### WHAT IS REQUIRED
Every record should be copied exactly, and the images omitted.

(PROVIDED RECORDS begins)

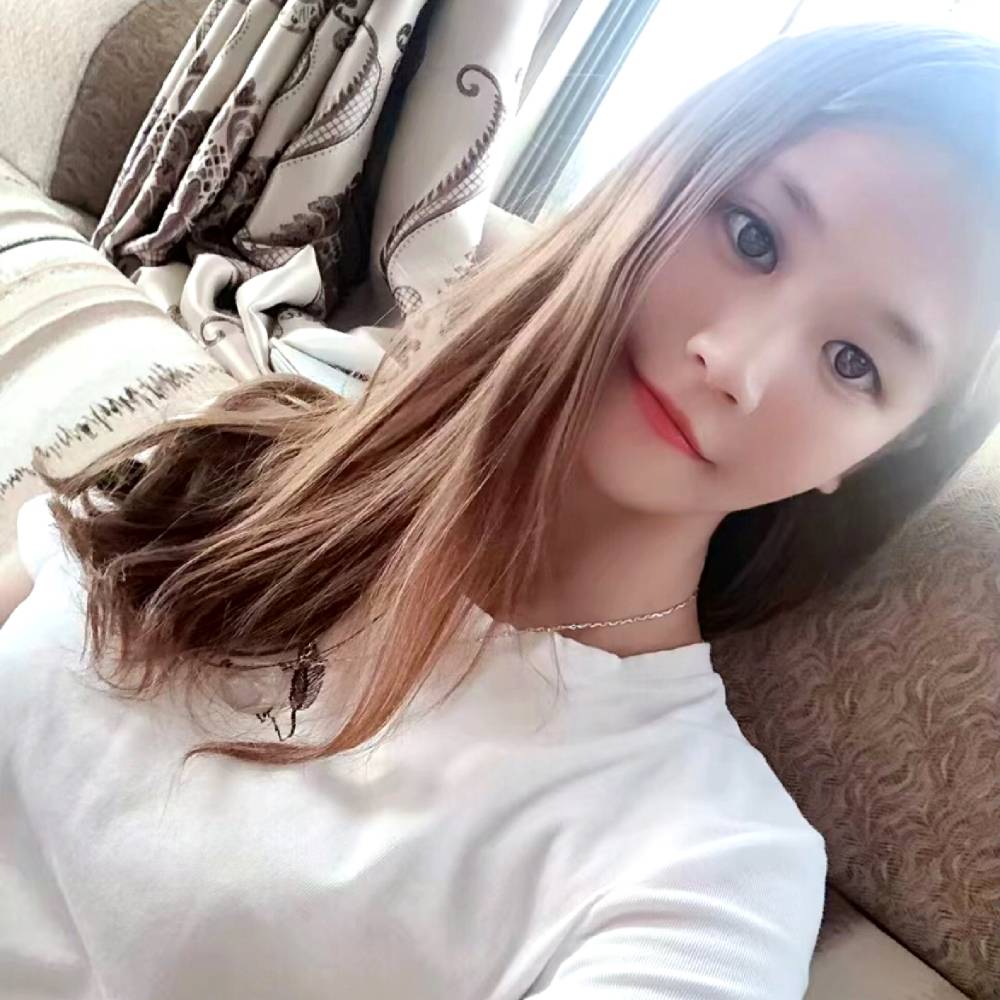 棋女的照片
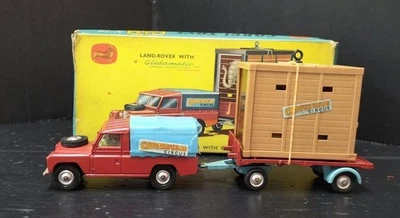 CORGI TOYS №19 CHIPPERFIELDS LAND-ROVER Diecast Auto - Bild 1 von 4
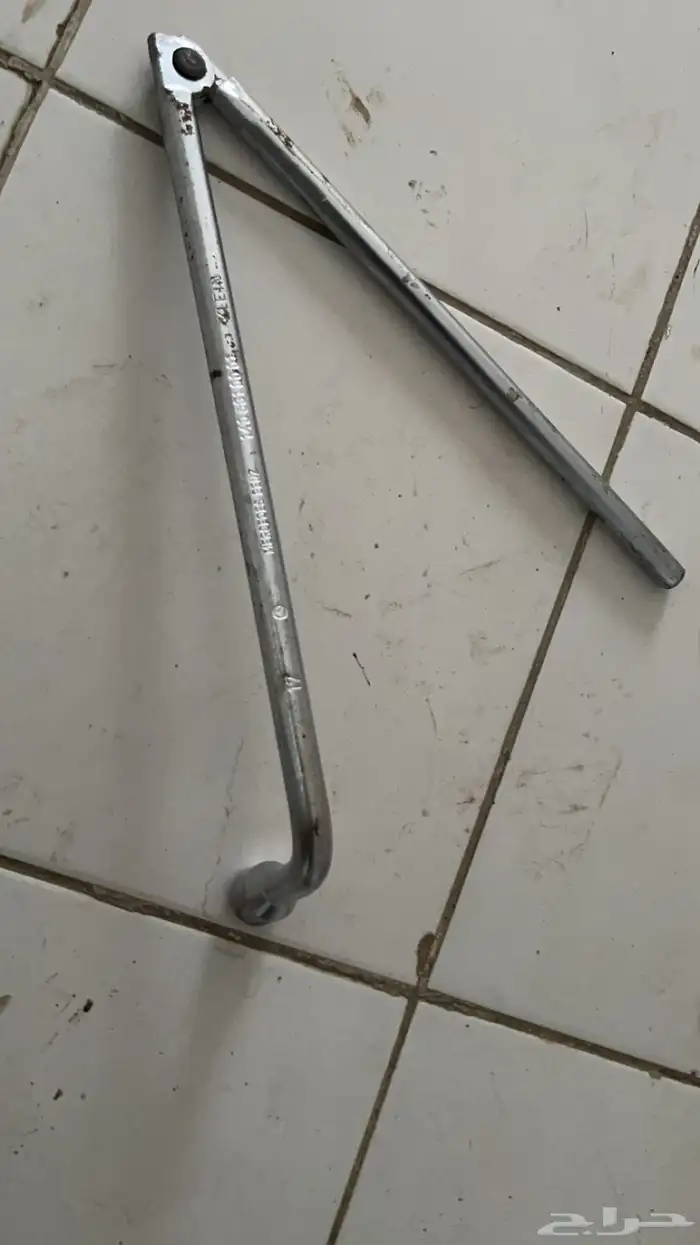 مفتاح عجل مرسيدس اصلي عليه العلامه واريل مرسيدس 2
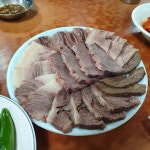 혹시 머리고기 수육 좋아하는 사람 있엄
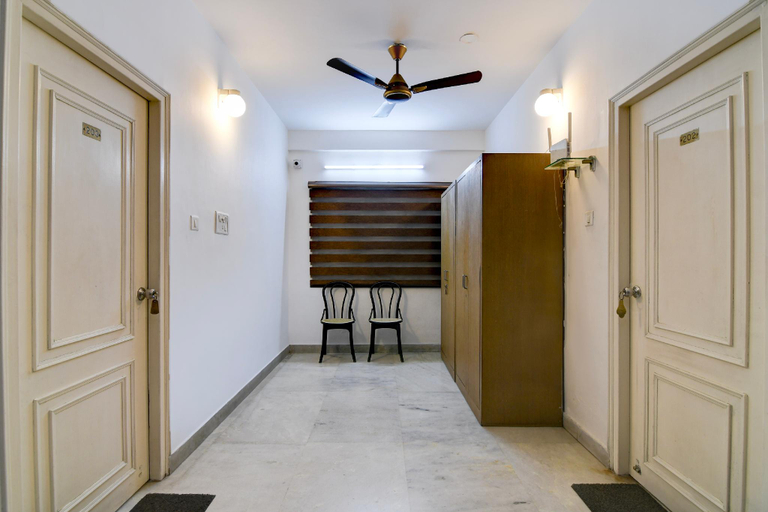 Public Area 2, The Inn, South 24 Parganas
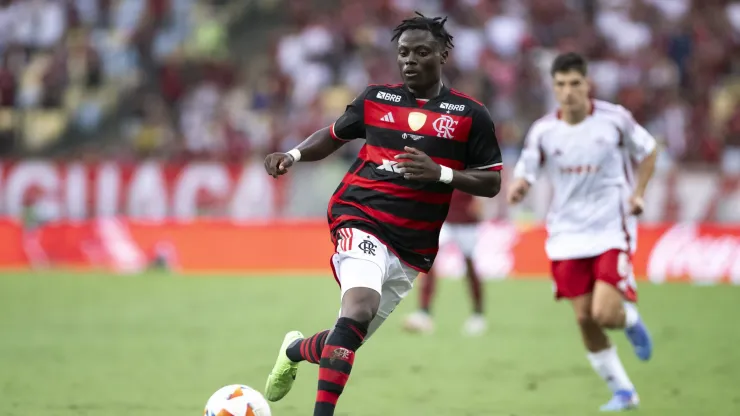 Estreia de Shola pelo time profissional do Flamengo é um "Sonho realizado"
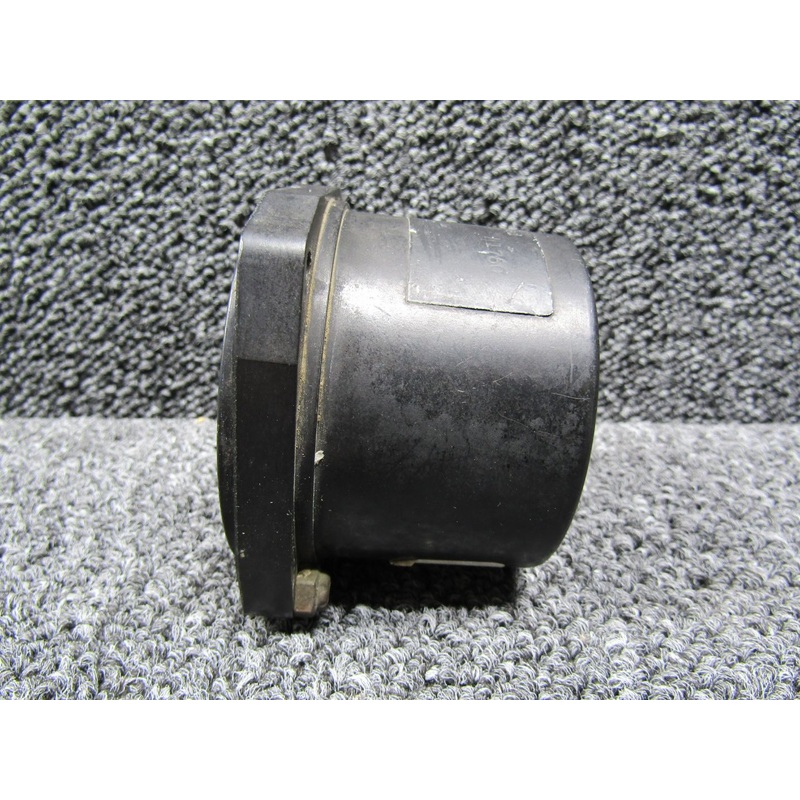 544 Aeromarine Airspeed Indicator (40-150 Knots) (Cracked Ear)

(PROVIDED RECORDS ends)

### YOUR SOLUTION
 棋女的照片
 CORGI TOYS №19 CHIPPERFIELDS LAND-ROVER Diecast Auto - Bild 1 von 4
 مفتاح عجل مرسيدس اصلي عليه العلامه واريل مرسيدس 2
 혹시 머리고기 수육 좋아하는 사람 있엄
 Public Area 2, The Inn, South 24 Parganas
 Estreia de Shola pelo time profissional do Flamengo é um "Sonho realizado"
 544 Aeromarine Airspeed Indicator (40-150 Knots) (Cracked Ear)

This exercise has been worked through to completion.